In the meantime, network also learns to provide time-frequency masks for individual speakers. Then it multiplies the noisy input spectrograms to masks, in order to output a clean speech, while crushing interference and noise.
The network is implemented on TensorFlow (open source machine learning framework), and its operations are used to perform waveform and short-time Fourier transform. All network layers, excluding mask layer, are followed by Rectified Linear Unit activations.
Batch normalization is performed for all convolutional layers. To do this, they used a batch size of 6 samples and trained for 5 million batches (steps). Audios are resampled to 16 KHz, and stereo audio is turned into mono to calculate the short-time Fourier transform.

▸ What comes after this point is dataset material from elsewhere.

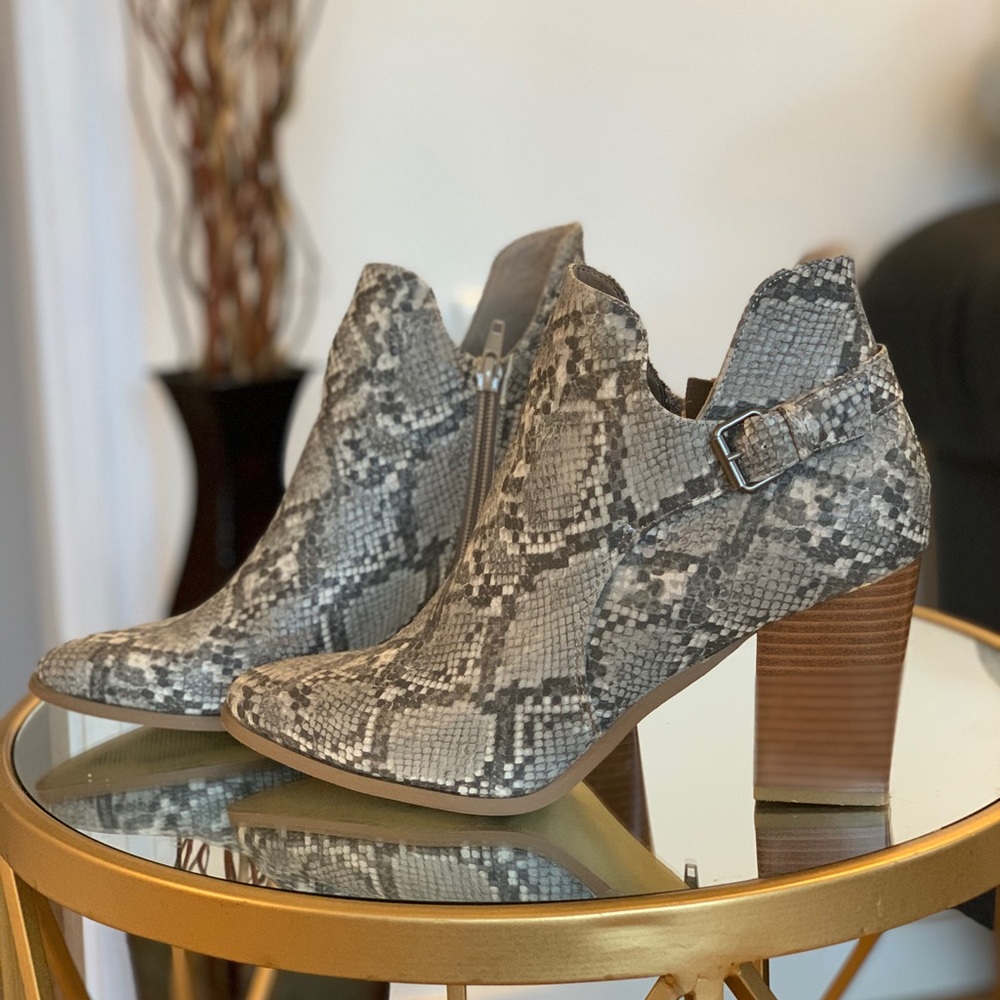 Snakeskin Print Ankle Boots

All face embeddings are resampled to 25 frame per second before training, which resulted in an input visual stream of 75 face embeddings. They used zero vectors when missing frames were encountered in a specific sample.
The technology could have countless applications, from audio recognition in videos to speech enhancement, especially where multiple people are speaking. It would broaden the types of microphones that can be used within various audio environments. But for now, YouTube and Hangouts seem like two easy places to begin. Ultimately, it could be applied to voice amplifying earbuds and Google Glasses.
Also, the technique has potential to provide better video captioning system for overlapping speakers, by pre-processing speech recognition. This feature would make it easier for deaf people to participate in teleconferences and enjoy movie videos.